Task requirements
Before copying, set aside the pictures; then restate exactly the lines from the one with "LSDJ-810CX智能型角行程电动执行机构 DC4-20mA 额定力矩10000N.m" through the last line of the records.

Image-caption web data
::::

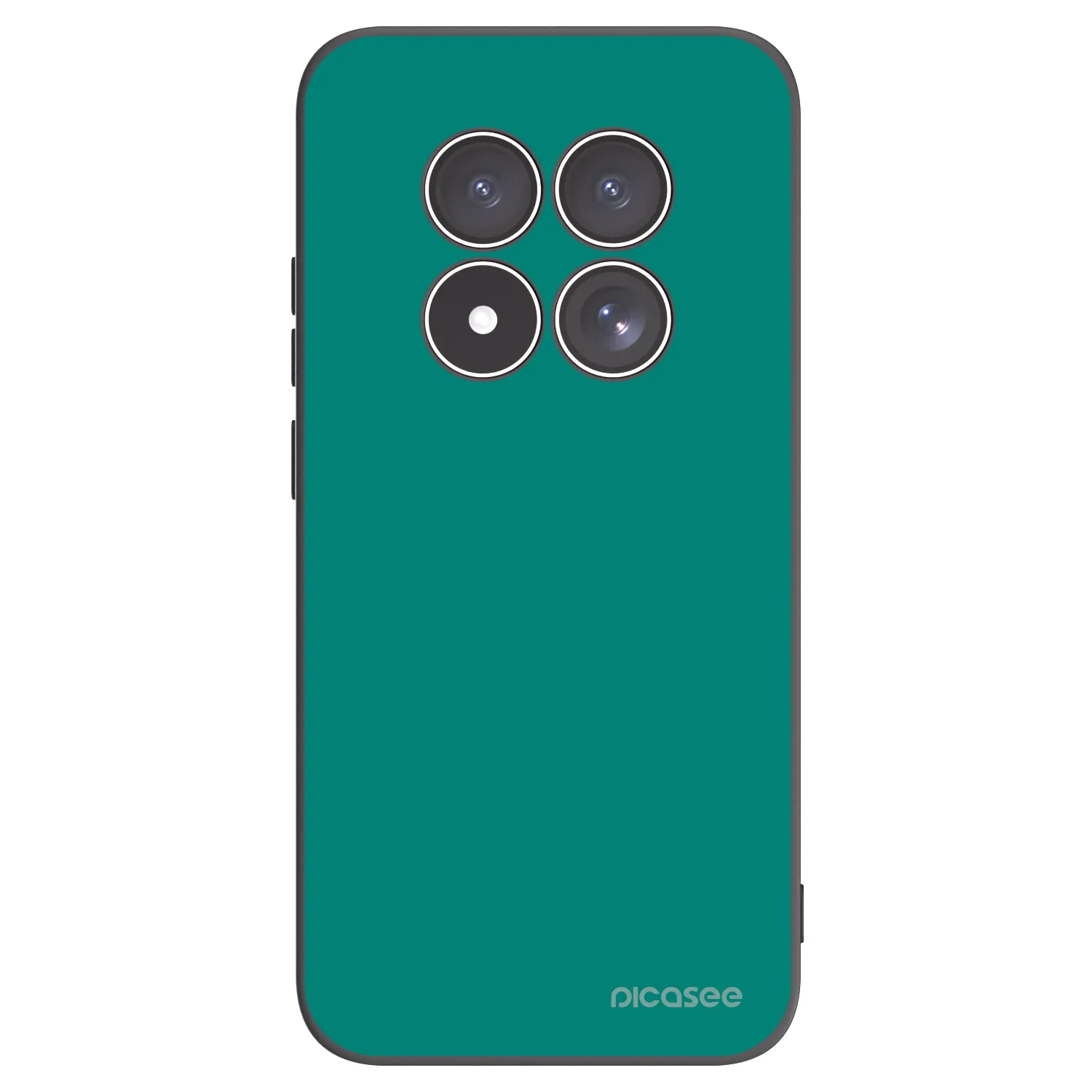 Picasee silikónový čierny obal pre Xiaomi Redmi Note 15 Pro 5G - Emerald Mist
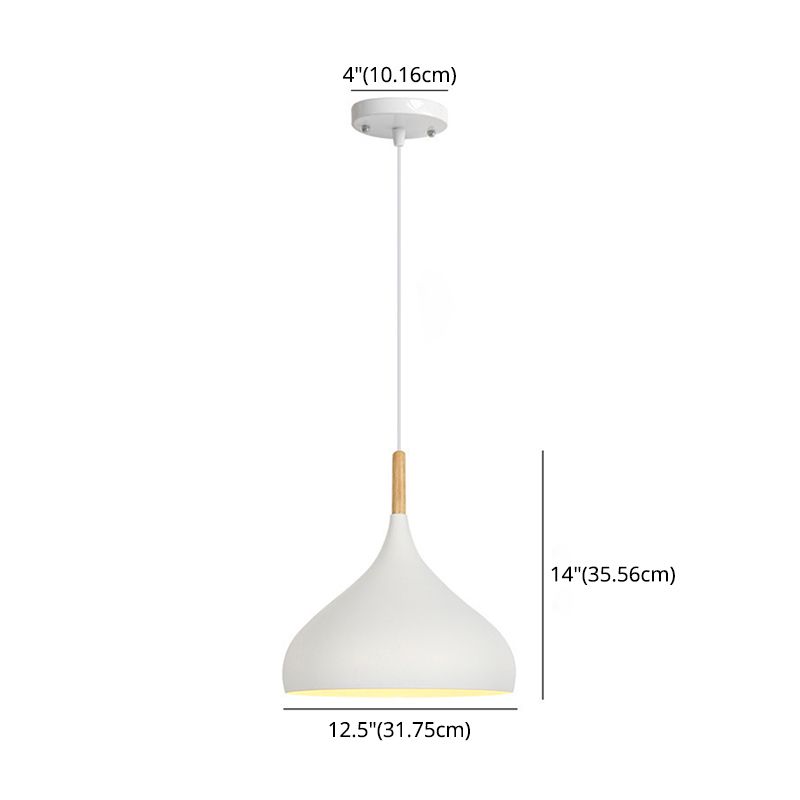 1 lumière en larme de larme suspendue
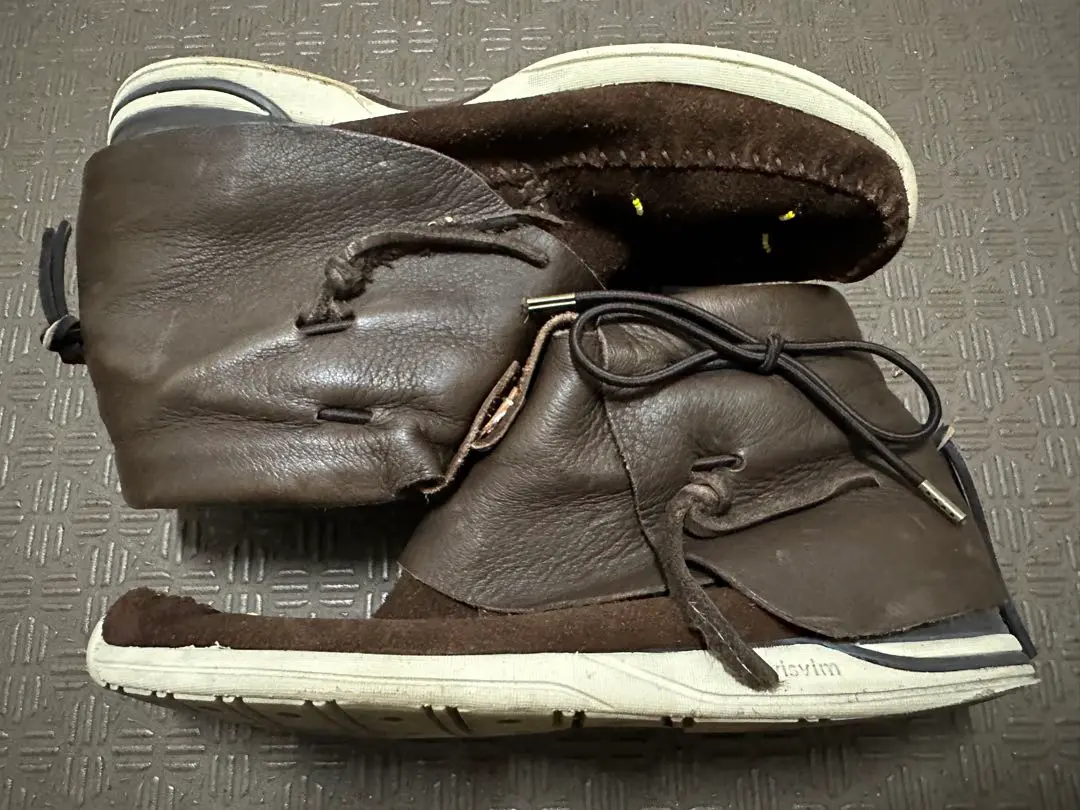 visvim ビズビムアンダーカバーフリンジショートブーツコヨーテ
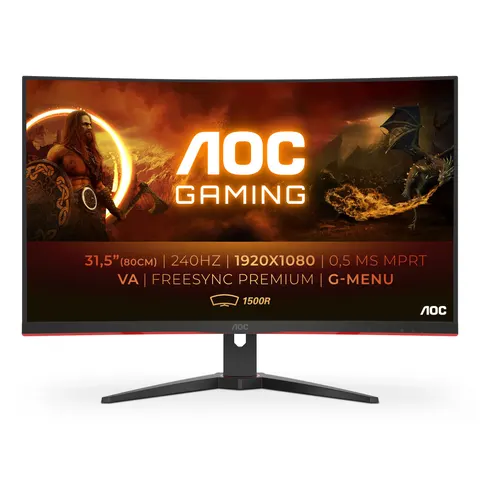 Monitor C32G2ZE LED de 31,5" Full HD (negro) - AOC – imagen 1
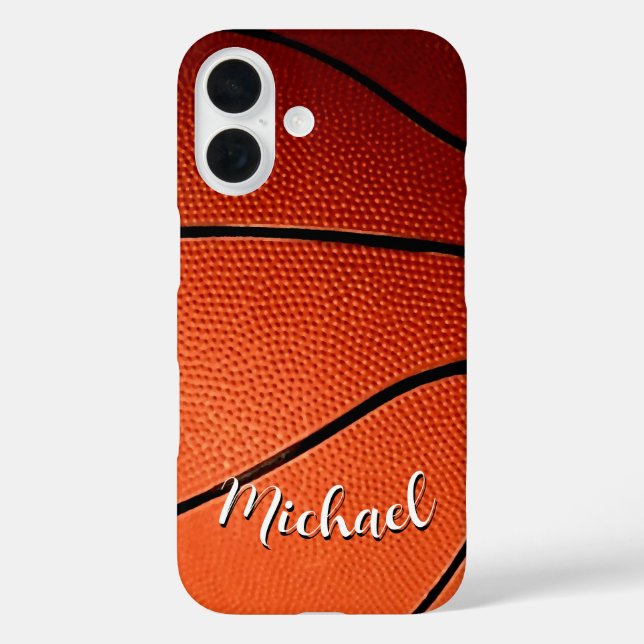 Basketball Your Name Custom Case-Mate iPhone Case (Back)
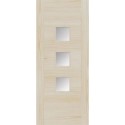 ACTUR33DG External Accoya Door with Frosted Glass - Unfinished - 1981 x 838 x 44mm - Turin Essential - XL Joinery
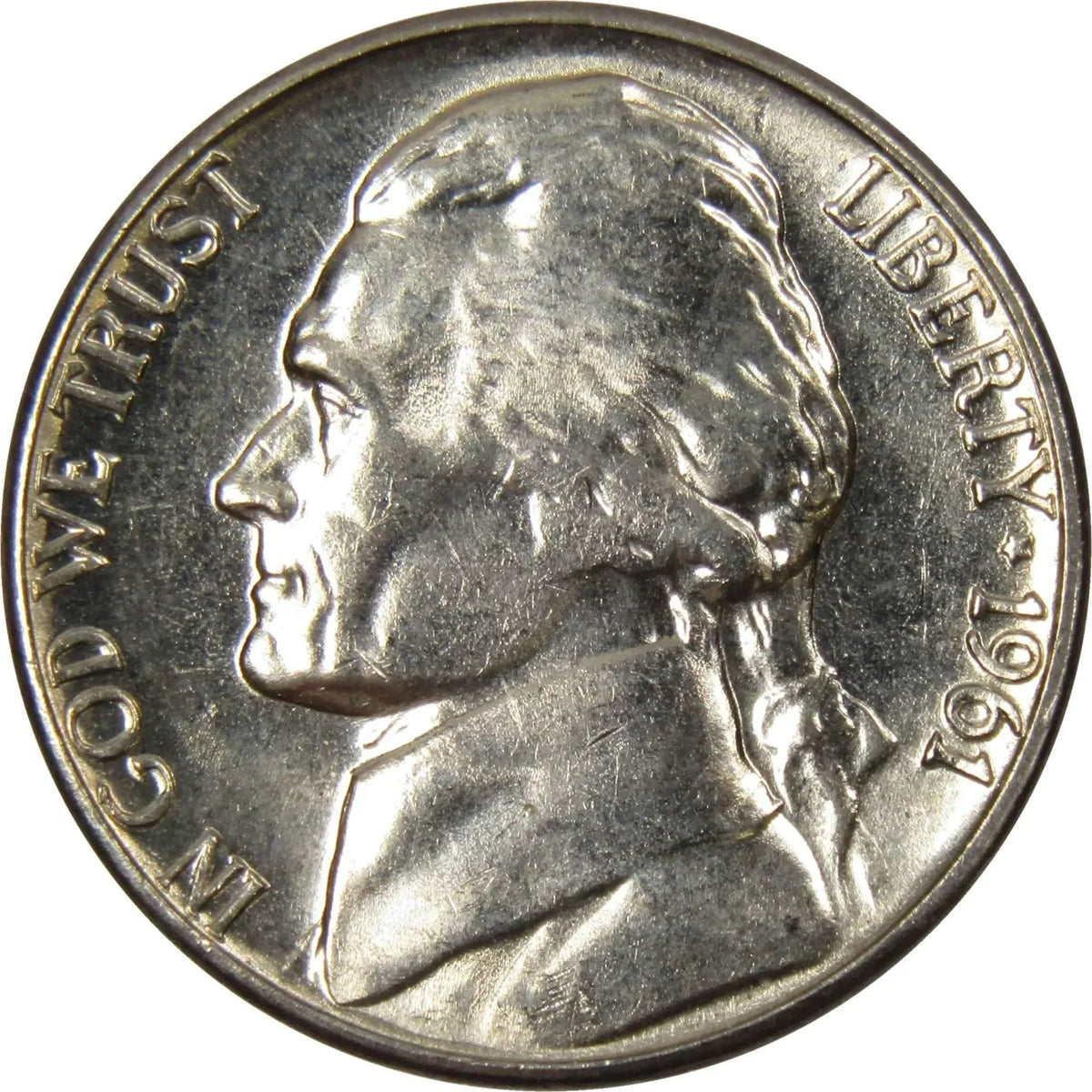 1961 D Jefferson Nickel Uncirculated Mint State 5c Coin Collectible
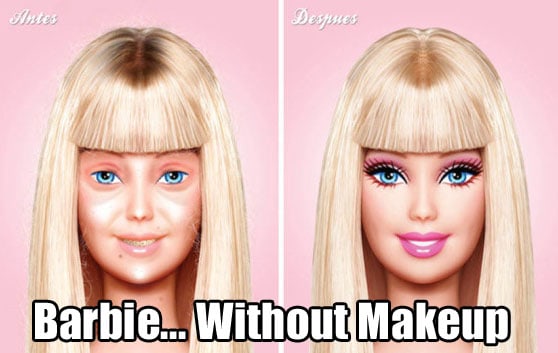 barbie-without-makeup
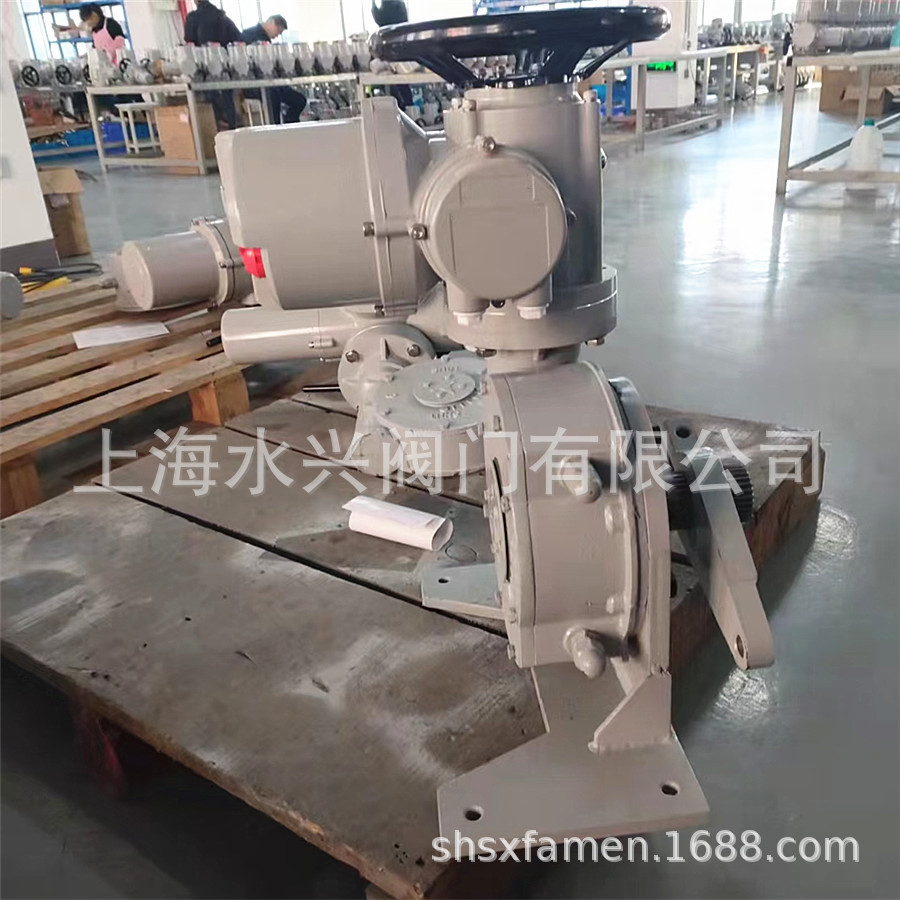 LSDJ-810CX智能型角行程电动执行机构 DC4-20mA 额定力矩10000N.m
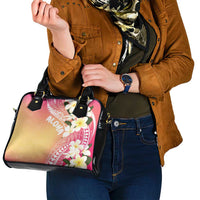 Aloha Hawaii Festive Shoulder Handbag Frangipani Lace Classic - Spring Vibes LT7 - Polynesian Pride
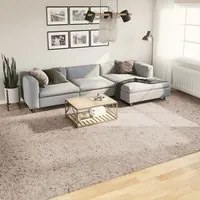 Tappeto Shaggy a Pelo Lungo Moderno Beige 300x400 cmcod mxl 111974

::::

Response area
 LSDJ-810CX智能型角行程电动执行机构 DC4-20mA 额定力矩10000N.m
 Aloha Hawaii Festive Shoulder Handbag Frangipani Lace Classic - Spring Vibes LT7 - Polynesian Pride
 Tappeto Shaggy a Pelo Lungo Moderno Beige 300x400 cmcod mxl 111974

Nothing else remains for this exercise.